Over the past 34 years, the competition affectionately referred to by artists residing in South-East Queensland as ‘The Churchie’ has developed into one of Australia’s premier showcases of emerging art. It is open call and uniquely self-nominated in its definition of ’emerging.’ The prize annually attracts applicants subscribing to a full spectrum of interpretations of the heterogenous term. There are ebullient graduates from art schools and universities aspiring to make an impression. Equally, there are esteemed veterans intent on challenging established perceptions of their practices.
This year the preselection panel, including acclaimed visual artist Tony Albert, vetted 14 out of 500 applicants. The subsequent exhibition was curated by Grace Herbert, a Melbourne-based visual artist and founder of the artist-run-initiative Visual Bulk and HOBIENNALE Festival.

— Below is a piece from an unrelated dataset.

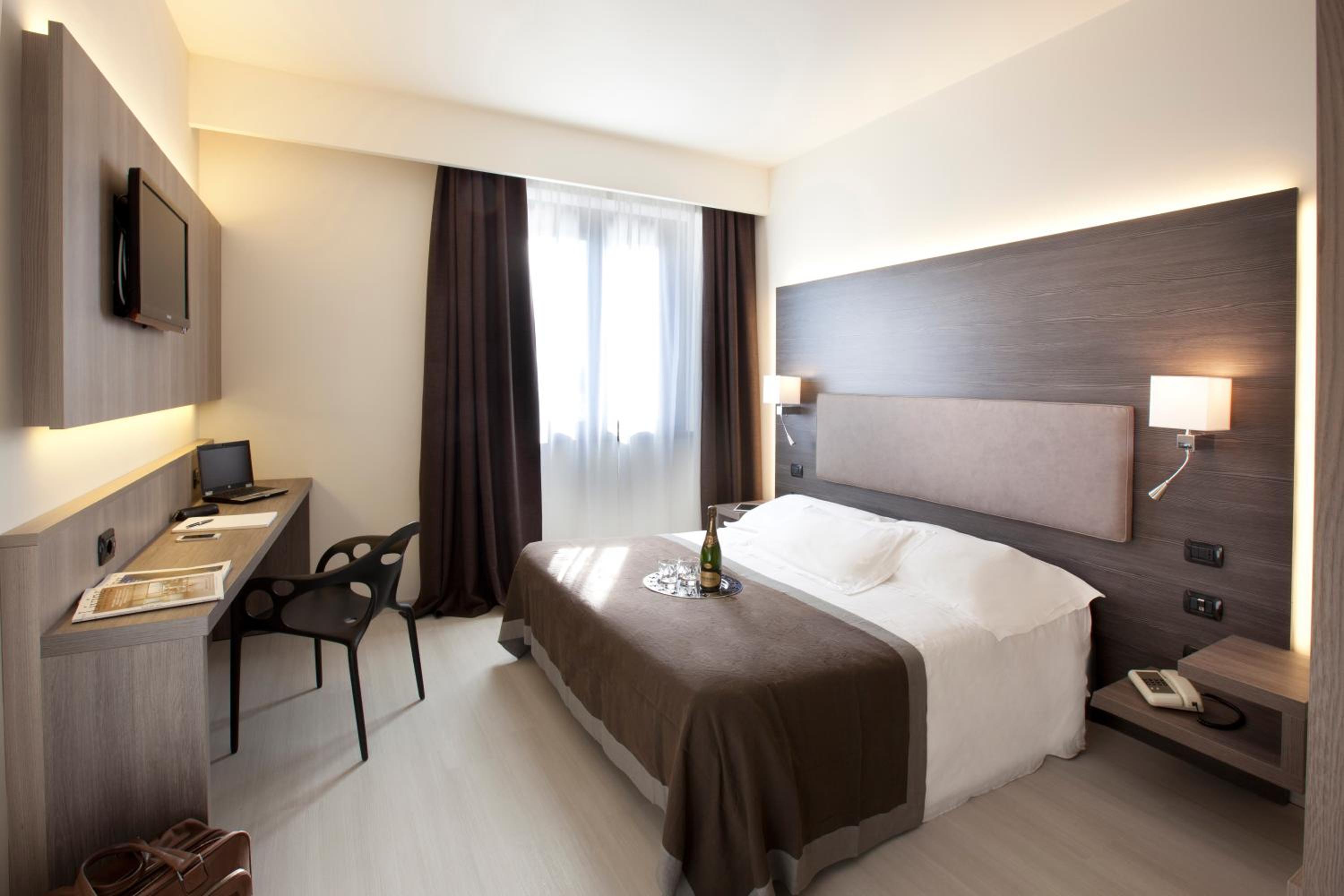 Superior, Double Bed, Lake or Square View, Balcony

It is a dynamic macrocosm of the Australian cultural landscape, one where Anglo-Australia has been relegated a place next to other represented communities. The inclusion of Apotheosis, by Nina Sanadze, redresses misconceptions of a hegemonic ‘white’ Australia. She has recontextualised remnants of the archive of Valentin Topuridze into a barrier-like monument. As a child, she played with the granddaughter of the acclaimed Georgian artist.
The sculptures, rendered detritus, bear witness to the toppling of the Soviet Union, as experienced by the Georgian-born artist prior to her arrival in Australia in 1996.

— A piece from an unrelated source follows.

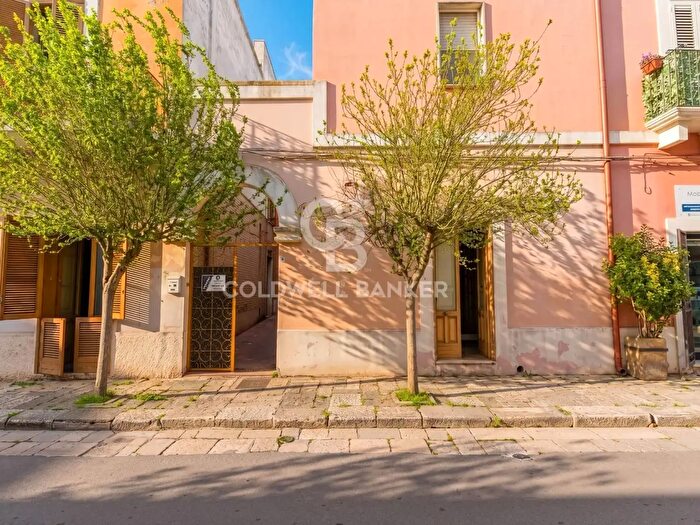 Casa bilocale in vendita in Via Croce, Campi Salentina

The discursive narratives also include a carefully crafted dedication to his Hokkien ancestry by Sumatran-born, Sydney-based, artist Jayanto Tan. The offerings are meticulously fashioned in ceramic. In his shrine-like rendition of a feast, Indonesian cuisine, like sambal telur, is juxtaposed with fare with which Australian audiences may be more familiar, like fairy bread and pretzels. Potluck Party Pai Ti Kong pays homage to the victims of the Riot of May 1998, during which Chinese-Indonesians were targeted.
Another contributor with South-East Asian heritage is Tiyan Baker. The Australian-born artist is diaspora of the Bidayuh, a minority indigenous to Sarawak that is under the administration of the Malaysian government. Her extended family farm durian, a fruit which is often maligned in Western media. Dihan Bitugung da Pasar proliferates a belief that the incorrect consumption of durian can ’cause sickness or death.’ Amongst embalmed husks, Baker has placed translucent cast resin renditions. These delicate forms serve to emphasise the significance of the fruit to the Bidayuh as symbols of ‘wealth, nourishment and continuity.’

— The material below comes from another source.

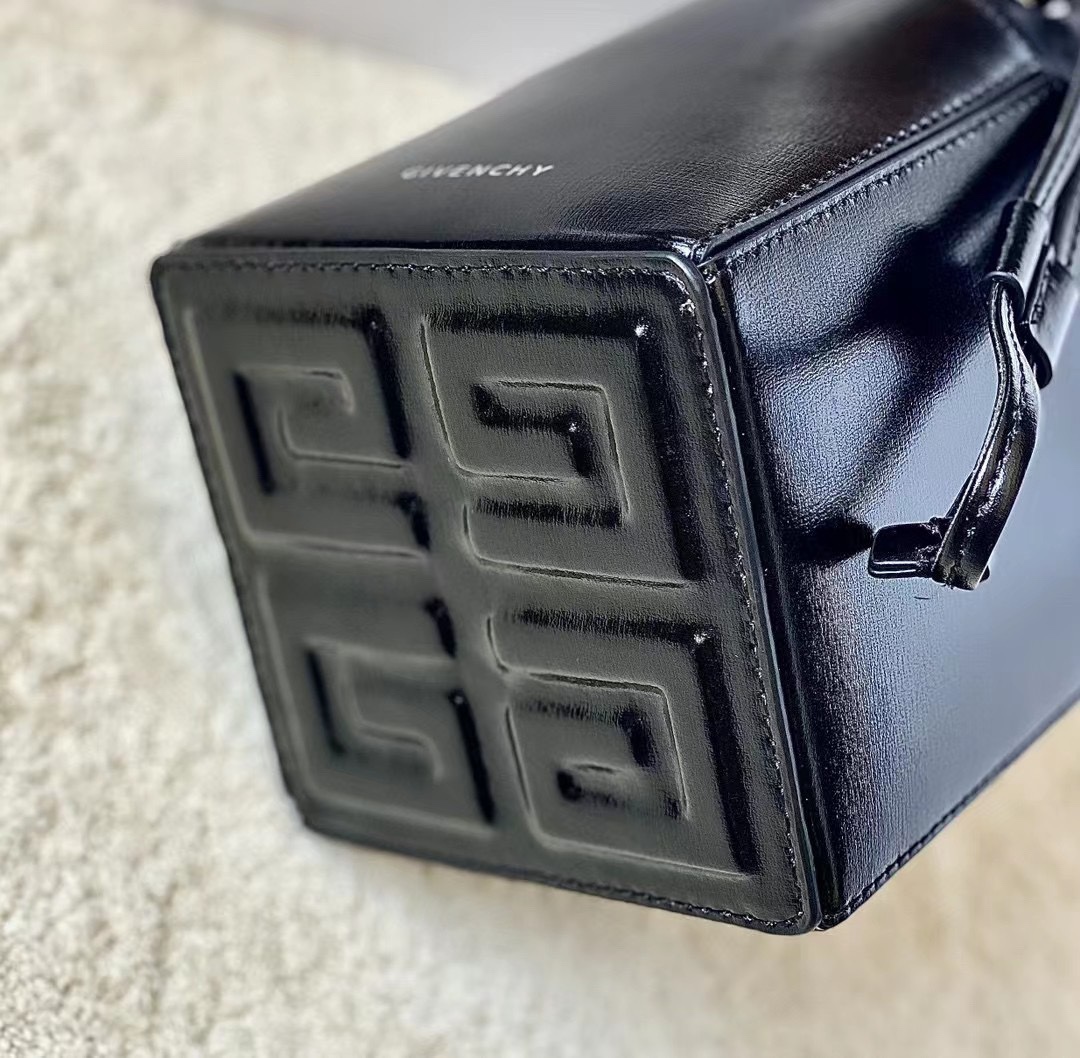 Givenchy Mini Cut Out Bucket Bag Black/White For Women‎ 6.3in/16cm BB50NRB1GV 001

The Indigenous Australian representation includes Kait James of the Wadawurrung, Christopher Bassi of the Meriam and Yupungathi, Kyra Mancktelow of the Quandamooka, and Ivy Minniecon, descendant of the Kuku Yalanji, Kabi Kabi, Gureng Gureng and South Sea Islander Nations. Employing a range of media from punch needling to mono-printing, James and Mancktelow investigate how their Indigeneity has been ‘frame[d] and degrade[d]’ from colonial times to the present.
In part, this exhibition is a deliberation on diversity, expressed through the ethnographic framing of the pre-selection panel. However, the artists themselves were not beholden to their cultural heritage despite some choosing to engage in the traditional craft practices of their people. All in all, this Churchie is a powerful, thought-provoking, investigation into emergent dialogues and identities within the Australian cultural landscape.
The Churchie Emerging Art Prize 2021 is open at the Institute of Modern Art in Brisbane until 18 December 2021.